Here is a table of column percentages for various common camera and video aspect ratios. The percentages have to be assigned to all columns, or it does not do the right thing.

The (L) is for landscape, and the (P) is for portrait. The vertical listing aspect ratio is the left hand image and the horizontal header is the right hand image aspect ratio. The top percentage is the left column, and the bottom percentage is the right column. (Note: the percentage sums to 100%.)

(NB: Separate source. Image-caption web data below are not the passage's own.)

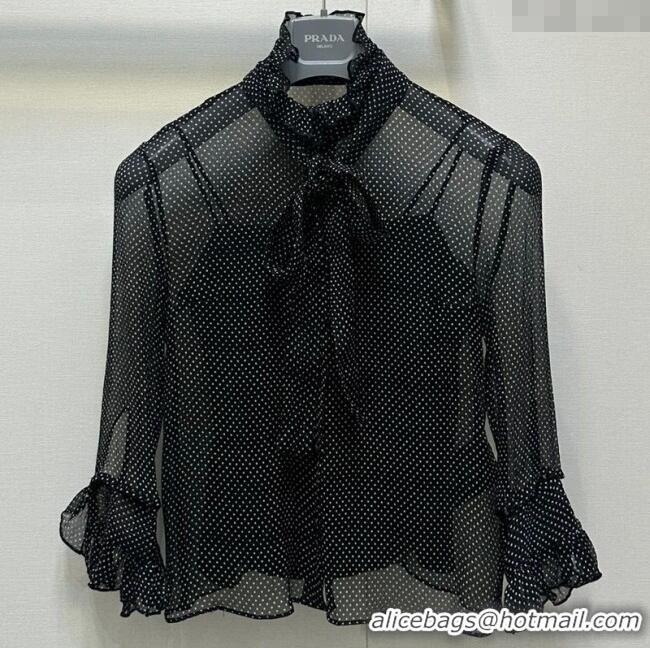 Reasonable Price Prada Dotted Silk Shirt 0812 Black 2025
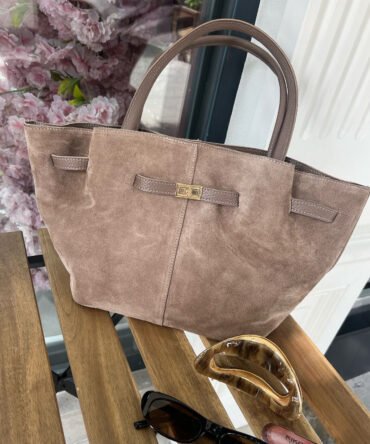 Sac en cuir suédé Taupe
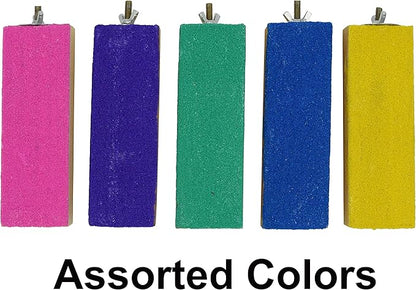 Spoiled Pet® Bird Cage Perch Stand 2-Pack - Beak and Foot Grinding Platform - Parakeets, Cockatiels, Canaries, Finches, Conures, Lories, and Budgies - Hamsters and Gerbils (Wood Perch)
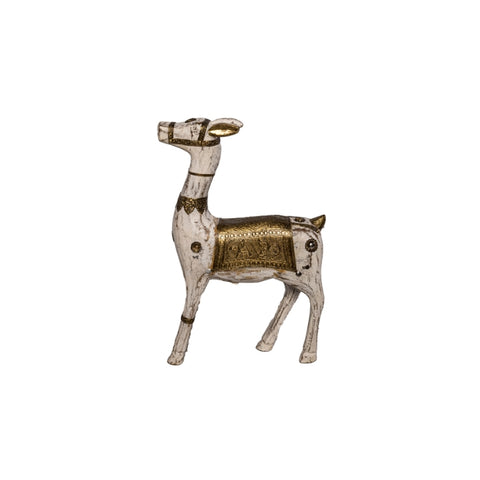 FIGURA VENADO BLANCO CON DORADO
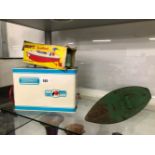 A CHAD VALLEY HOOVERMATIC TOY WASHING MACHINE, NODDYS SPEED BOAT AND METAL POND YACHT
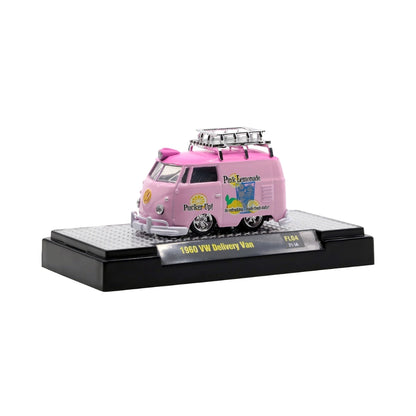 1960 VW Delivery Van - Pink Lemonade "Pucker Up!" Chase with Pink Chrome Details, Pink Chrome Rims, Pink Interior, Pink Roof Rack & Surfboard (Exclusive, Limited Edition)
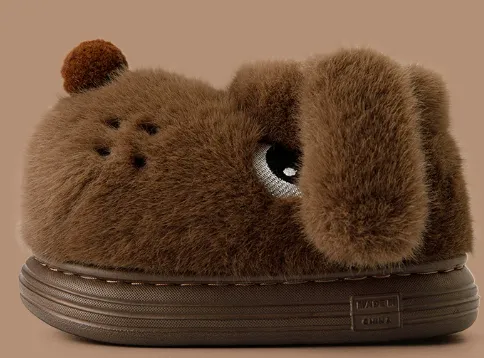 Cartoon Puppy Funny Warm Home Cotton Boots Coffee - Shop at LoveMi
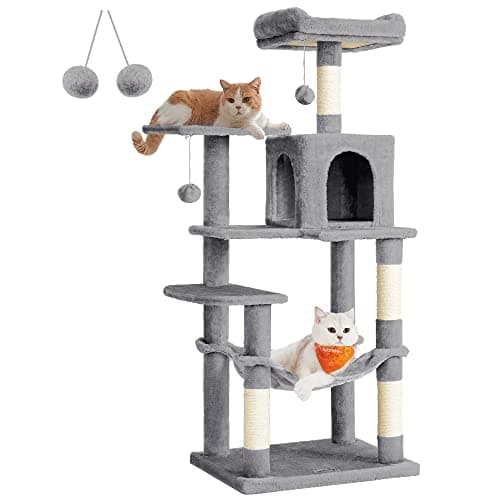 Feandrea Cat Tree, 56.3-Inch Cat Tower for Indoor Cats, Multi-Level Cat Condo with 4 Scratching Posts, 2 Perches, Hammock, Cave, Light Gray UPCT161W01 - Image 1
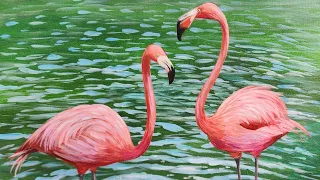 How to Paint Pink Flamingos Acrylic Painting LIVE Tutorial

Aspect	16:9 (L)	3:2 (L)	4:3 (L)	1:1	3:4 (P)	2:3 (P)	9:16 (P)
16:9 (L)	50.00% 50.00%	54.25% 45.75%	57.15% 42.85%	64.00% 36.00%	70.33% 29.67%	72.75% 27.25%	76.00% 24.00%
3:2 (L)	45.75% 54.25%	50.00% 50.00%	53.00% 47.00%	60.00% 40.00%	66.67% 33.33%	69.25% 30.75%	72.75% 27.25%
4:3 (L)	42.85% 57.15%	47.00% 53.00%	50.00% 50.00%	57.15% 42.85%	64.00% 36.00%	66.67% 33.33%	70.33% 29.67%
1:1	36.00% 64.00%	40.00% 60.00%	42.85% 57.25%	50.00% 50.00%	57.15% 42.85%	60.00% 40.00%	64.00% 36.00%
3:4 (P)	29.67% 70.33%	33.33% 66.67%	36.00% 64.00%	42.85% 57.15%	50.00% 50.00%	53.00% 47.00%	57.15% 42.85%
2:3 (P)	27.25% 72.75%	30.75% 69.25%	33.33% 66.67%	40.00% 60.00%	47.00% 53.00%	50.00% 50.00%	54.25% 45.75%
9:16 (P)	24.00% 76.00%	27.25% 72.75%	29.67% 70.33%	36.00% 64.00%	42.85% 57.15%	45.75% 54.35%	50.00% 50.00%

Using the table above, look up 3:4 on the left and 4:3 on the top, and you see 36.00% for the left and 64.00% for the right. Applying these columns widths gives:

Most modern phones are 4:3 and modern digital cameras are 3:2. Smaller cameras (micro four-thirds) can be 4:3, and phone allow you to select a (cropped) aspect ratio of various other values, such as 1:1, and 16:9. Most modern video is 16:9. The table should cover 99% of the normal scenarios.